[extropy-chat] Interstellar Dust

Amara Graps amara at amara.com
Fri Jun 18 09:18:50 UTC 2004


Robert Bradbury:

>But the most interesting thing that caught my eye answers a question
>that I think may have come up on the list before though I'm not sure
>whether or not we answered it (perhaps I might have missed it).

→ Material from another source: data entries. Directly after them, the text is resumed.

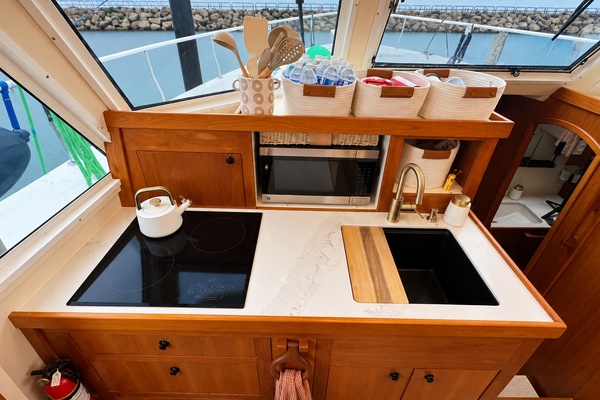 Charley 43ft Mainship Yacht For Sale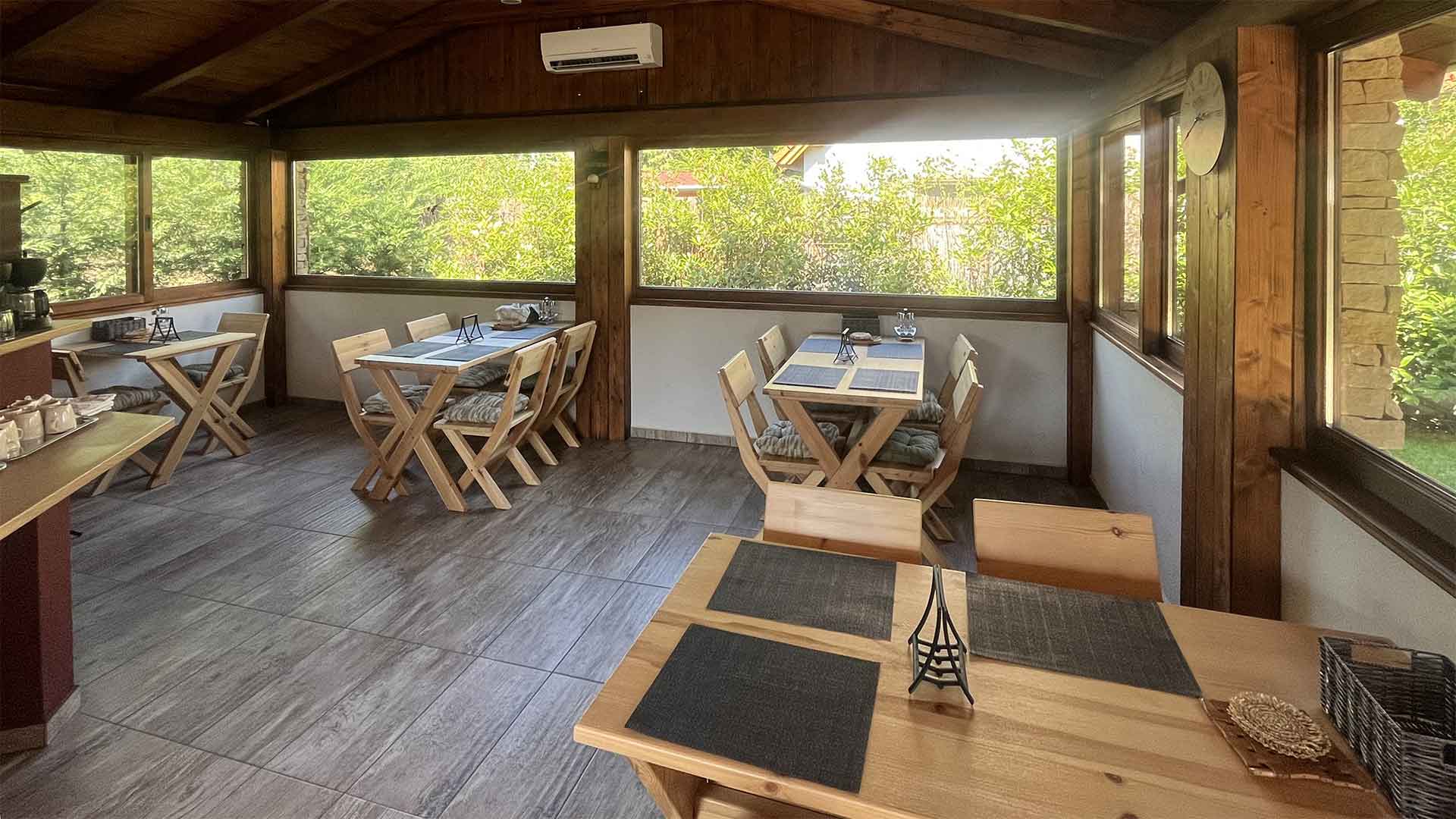 Itt lehet halászlét enni, üzleti megbeszéléseket tartani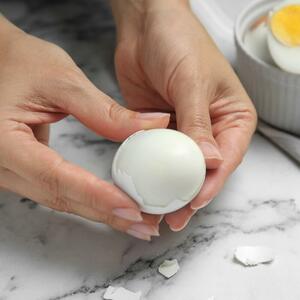 Koliko tačno minuta treba da se kuvaju jaja za Uskrs? Ispoštujete ovo pravilo i ljuštićete ih očas posla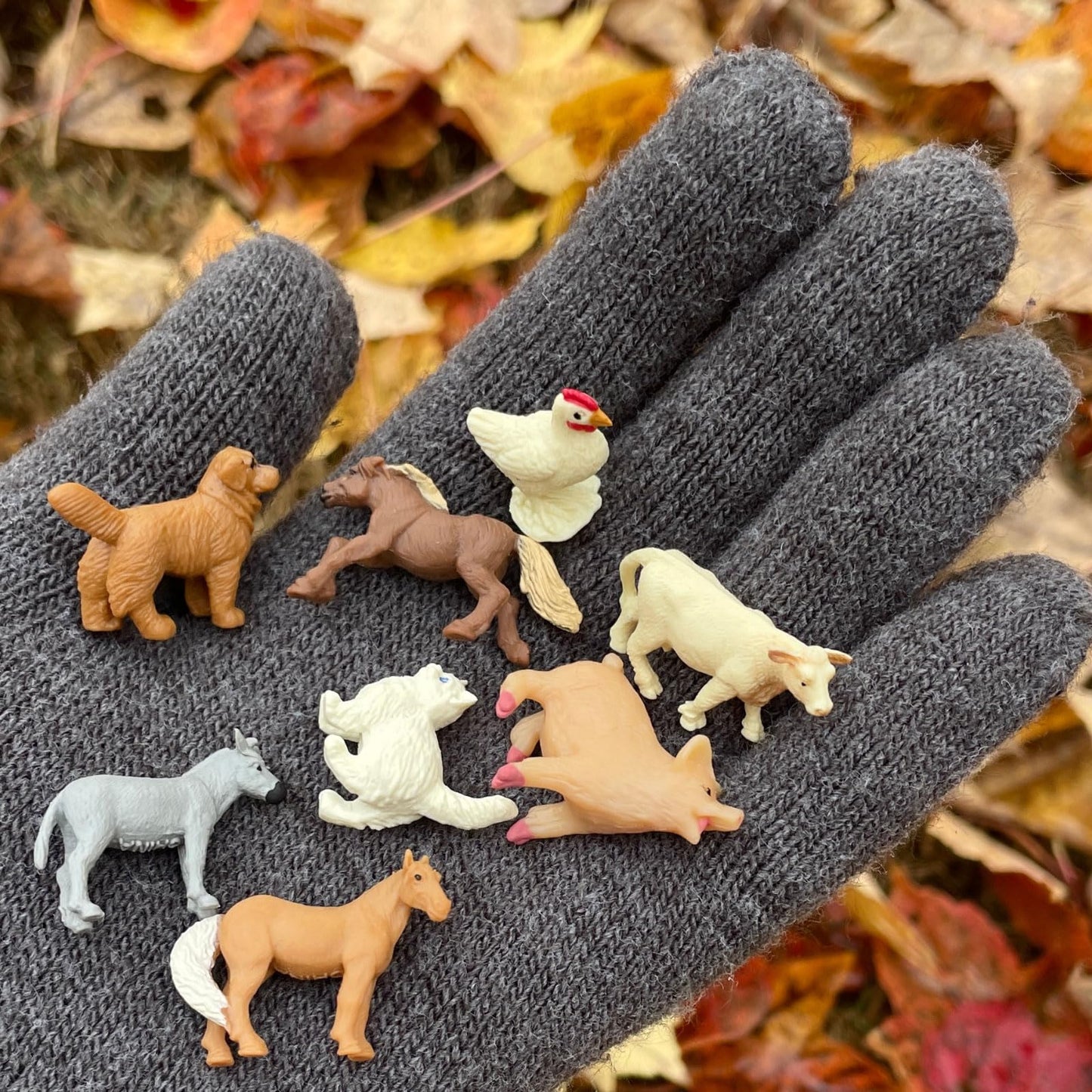 Safari Ltd. Good Luck Minis Ranch Fun Pack – 8 Mini Farm Figures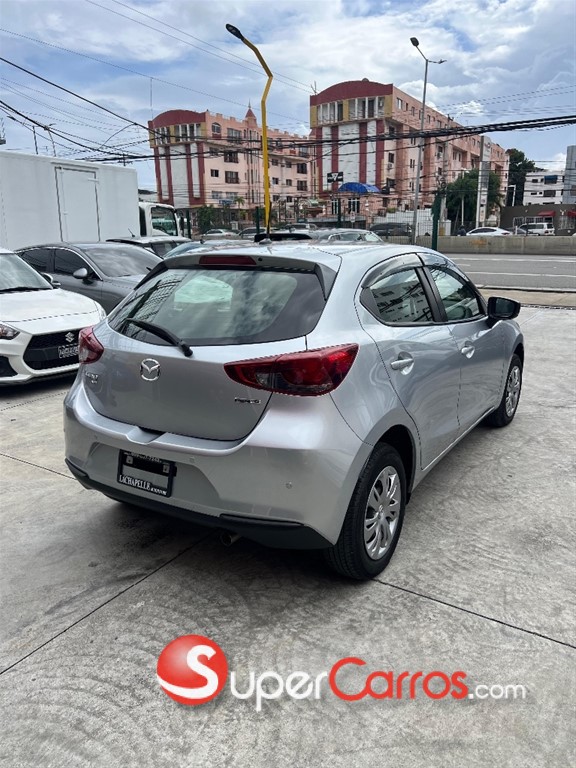 2020 Mazda Demio — foto 8 / 10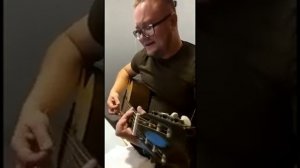 ДДТ. Коронована луной. Немножко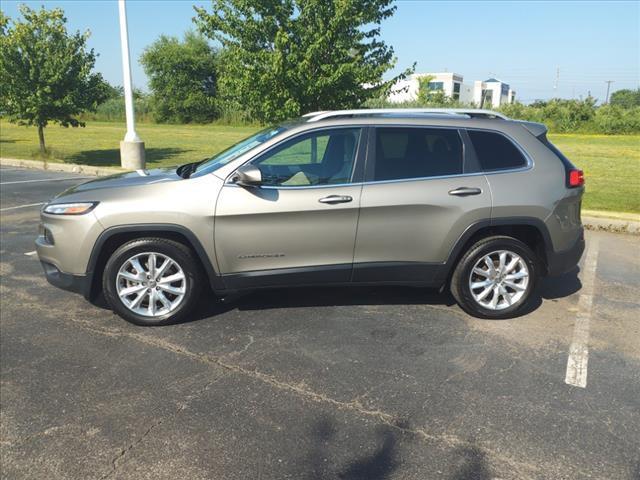 used 2016 Jeep Cherokee car, priced at $14,333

>"... Other Fullerenes are also common, particularly C_70, C_76 and
>C_84, and have been found to exist in interstellar dust as well as in
>geological formations on Earth. ..."

>So yes folks there are Fullerenes in space (too bad the references aren't
>cited).

Didn't we talk about this ?  I sent some paper references on
this topic to the list last March. A. Rotundi et al.'s paper
should have appeared in _Fullerenes, Nanotubes and Carbon
Nanostructures_ but I don't know if that is the paper of which
you and others were thinking.

Here is my message again:

http://www.lucifer.com/pipermail/extropy-chat/2004-March/004832.html



>Next question is are there Fullerenes with caged atoms or molecules
>inside???  Now those would be really interesting.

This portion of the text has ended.